The answer is an exact copy of the lines from the one with "Promo A&W Super Deals Februari" to the end of the listing below, pictures left out.
EXTRACTED ENTRIES: Begin
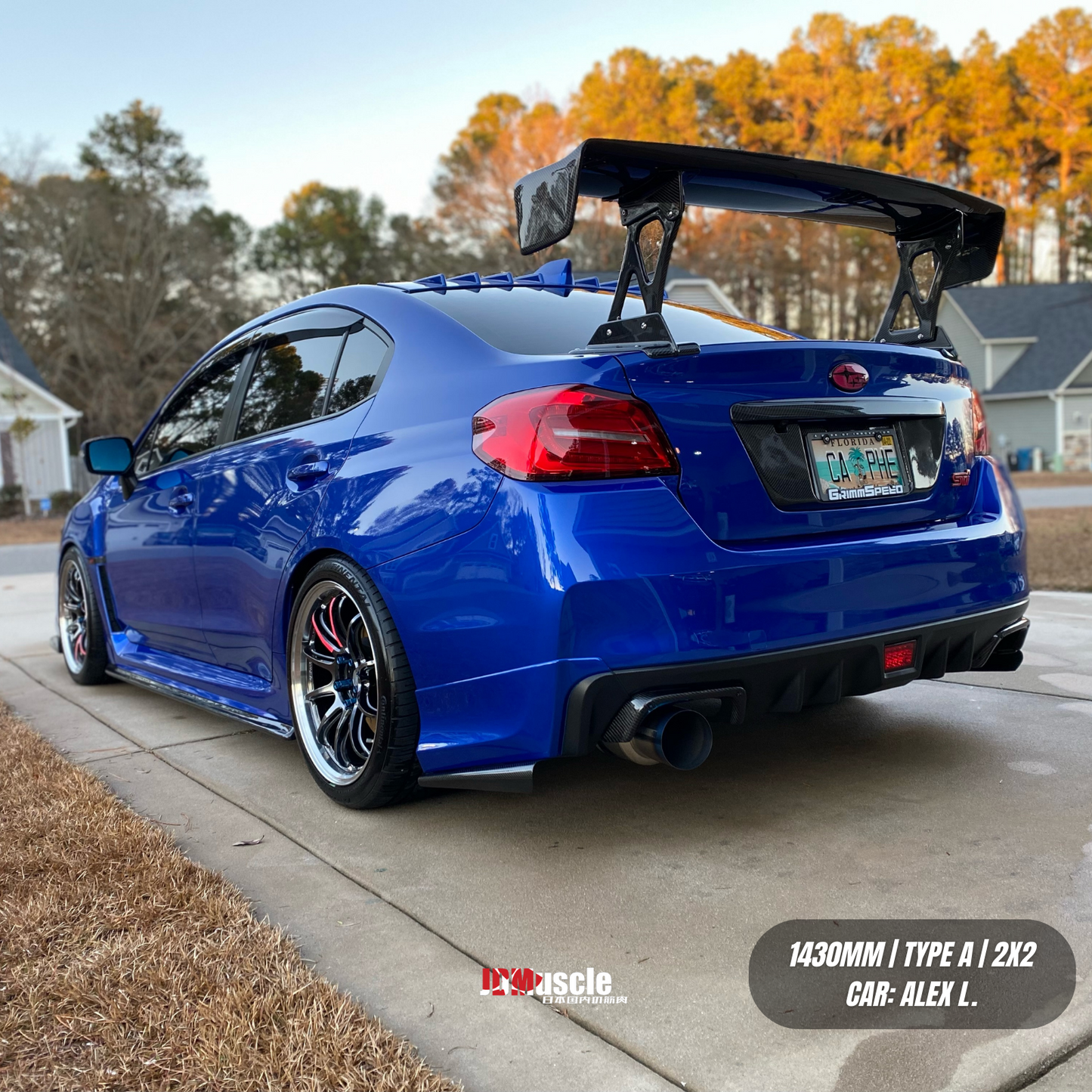 JDMuscle [15-21 WRX/STI] Carbon Fiber Replacement Spoiler Base for JDMuscle VS Style Euro GT or Varis GT Wing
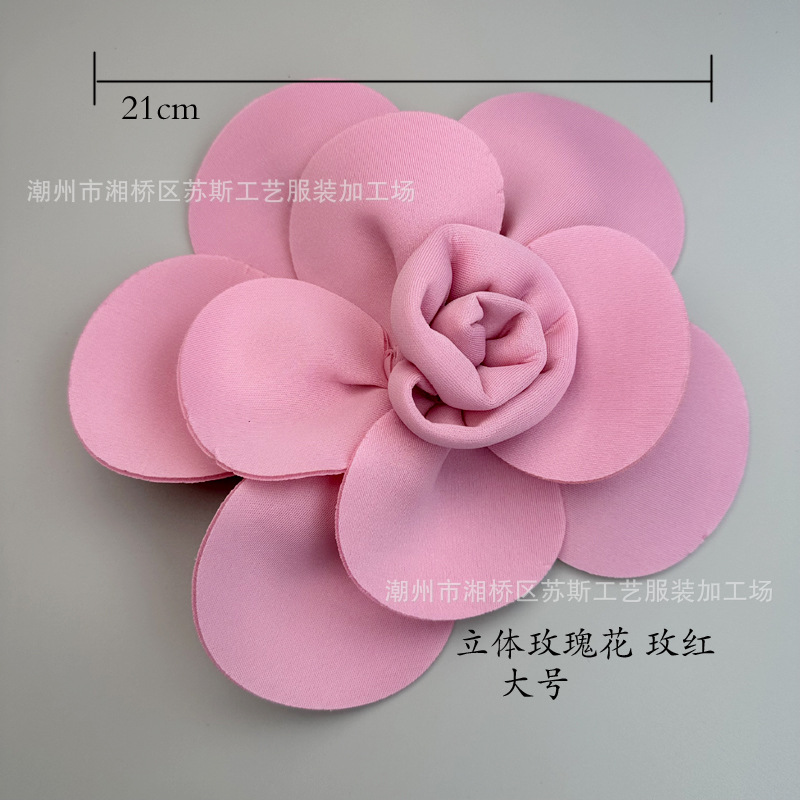 입체적인 장미 라이트 로즈 레드 L사이즈 21cm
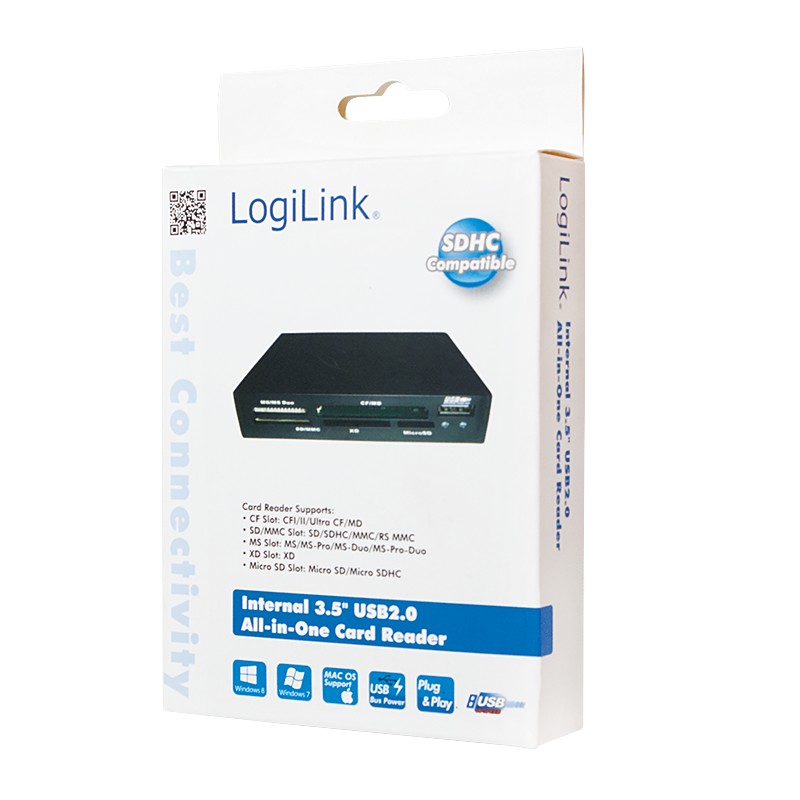 Notranji bralnik kartic, USB 2.0, 3,5" 2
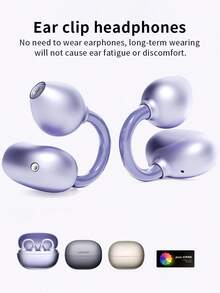 Lenovo EA410 True Wireless Bluetooth Headphones, Bone Conduction, Non-In-Ear, Open-Ear Clip, Sports Running Ear-Hook Style (Chinese Packaging) - Grey - View 3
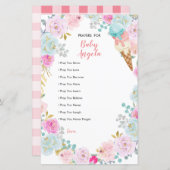 Papier Crème glacée pastel Prières florales pour bébé (Devant / Derrière)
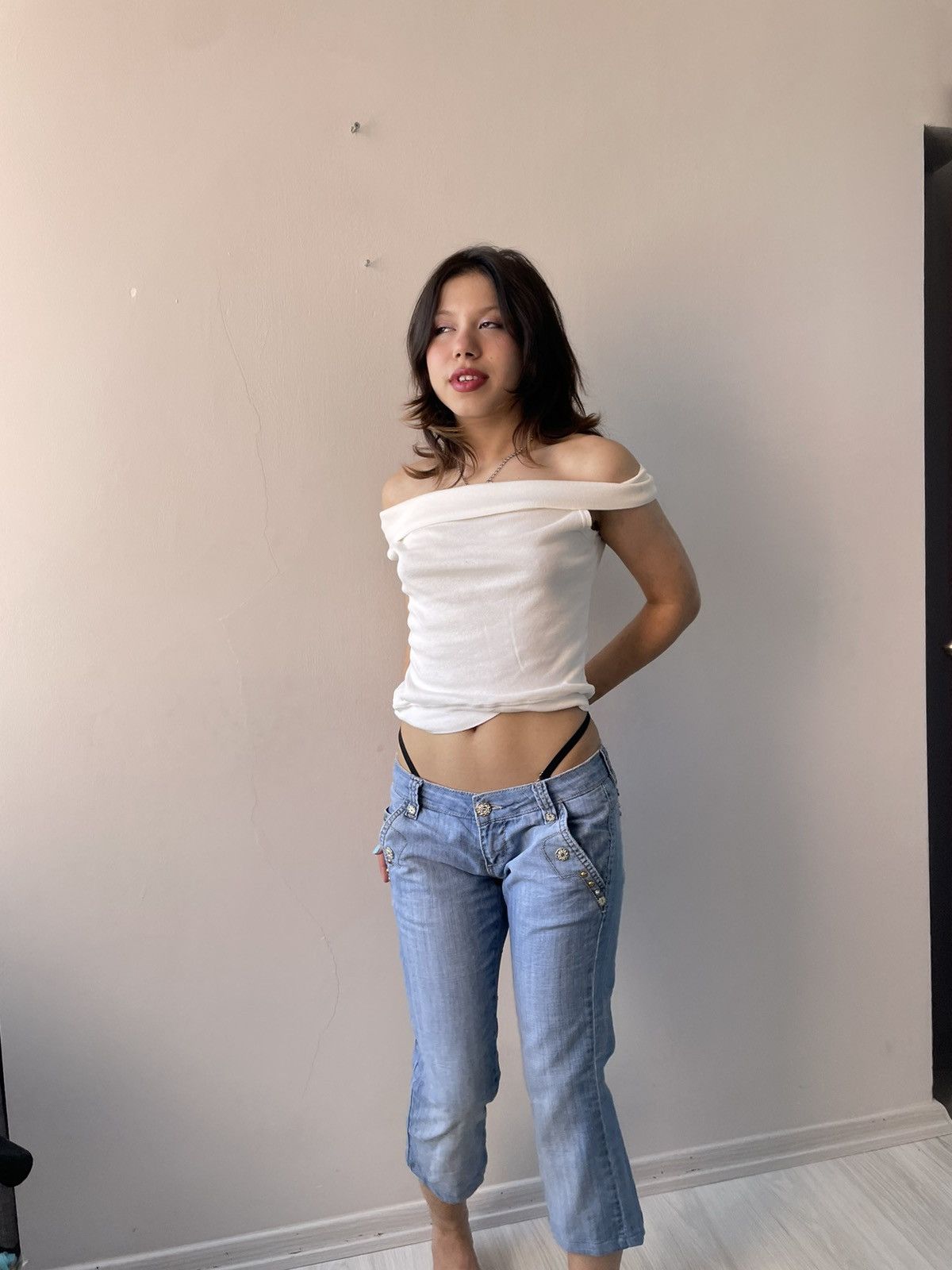 Vintage y2k capri Size 26" / US 2 / IT 38 - 3 Thumbnail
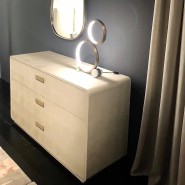 Commodes 150 - Club - Luxurious bronzed brass commode - Pacific Compagnie.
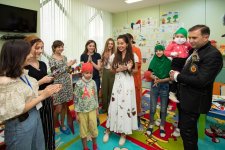 Вице-президент Фонда Гейдара Алиева Лейла Алиева побывала в Детской клинике Национального онкологического центра (ФОТО)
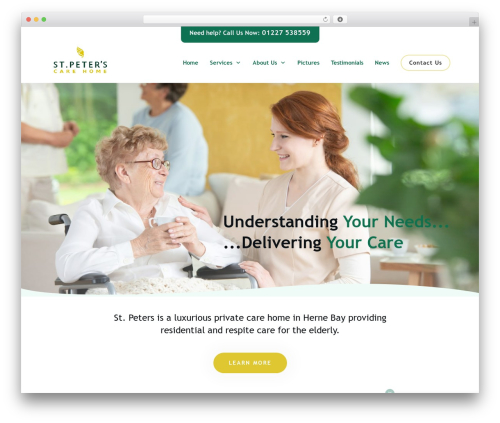 Thrive Theme Builder WordPress theme - carehomehernebay.co.uk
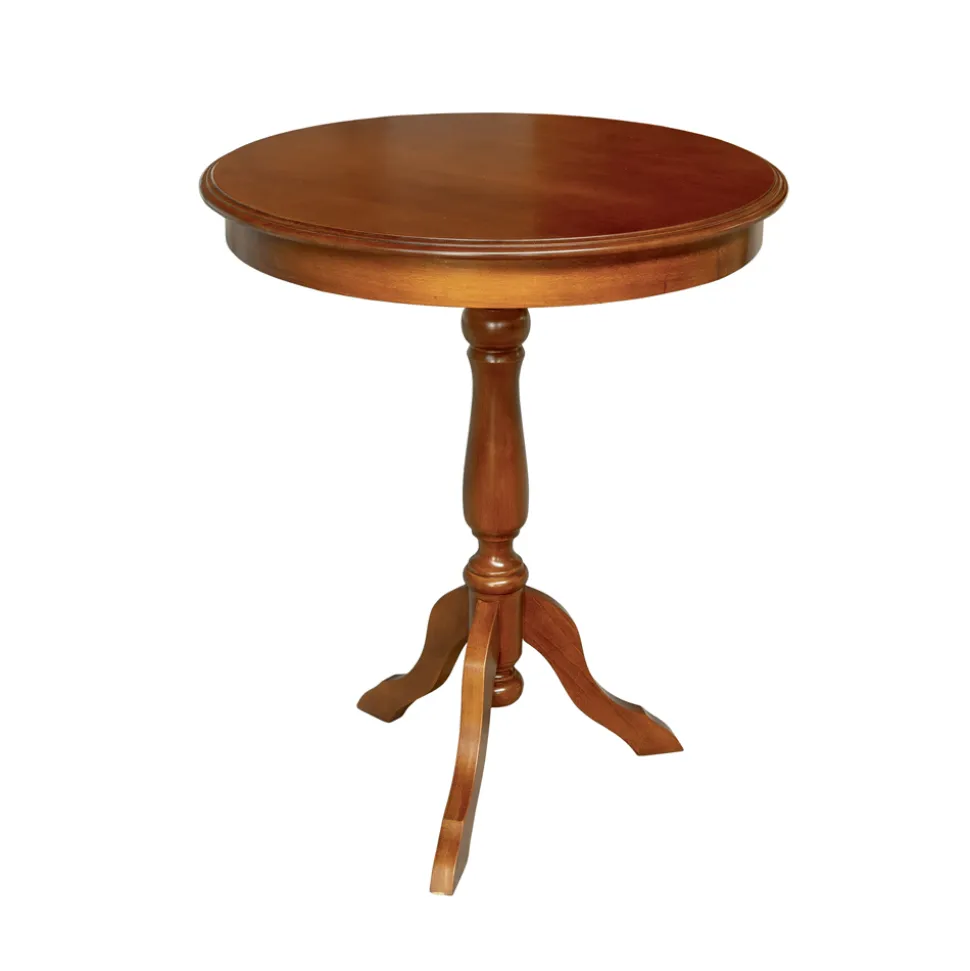 Tavolino da Soggiorno Rotondo in Diverse Finiture Made in Italy - Eracle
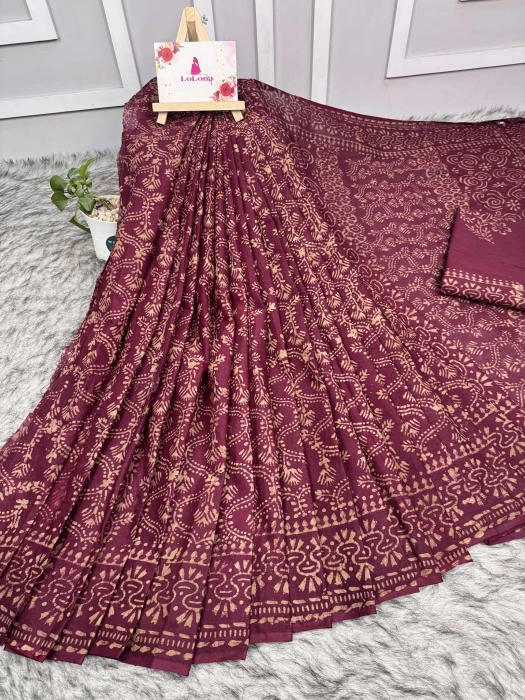 প্রিমিয়াম কটন বাটিক শাড়ি Code-PK-3103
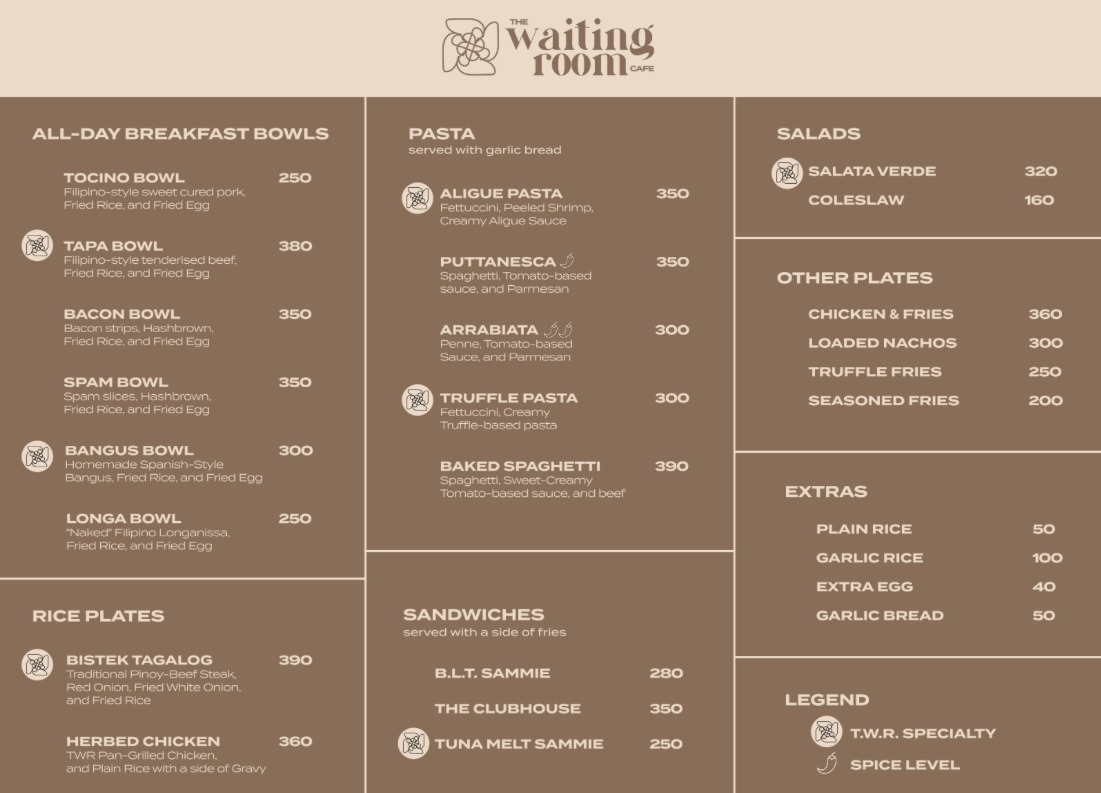 The Waiting Room Cafe Muntinlupa Photo Menu 2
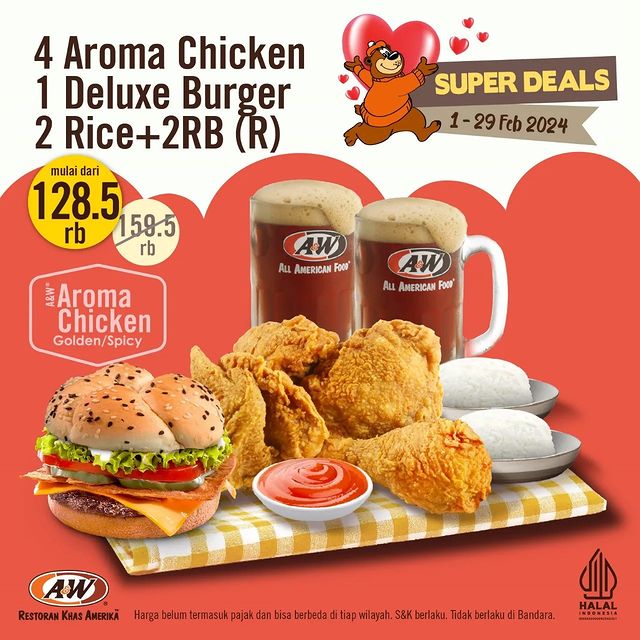 Promo A&W Super Deals Februari
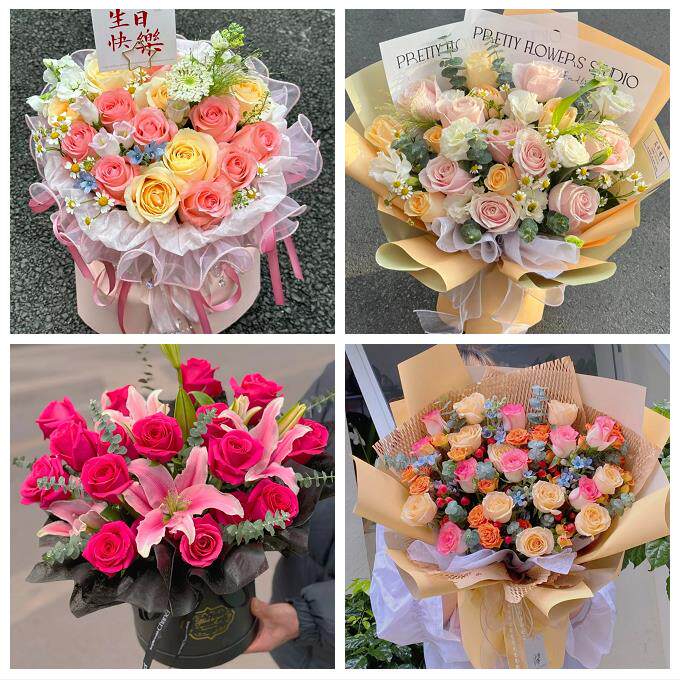 北京海淀区马连洼田村路上地同城鲜花店玫瑰向日葵绣球送朋友生日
EXTRACTED ENTRIES: End
__YOUR RESPONSE__
 Promo A&W Super Deals Februari
 北京海淀区马连洼田村路上地同城鲜花店玫瑰向日葵绣球送朋友生日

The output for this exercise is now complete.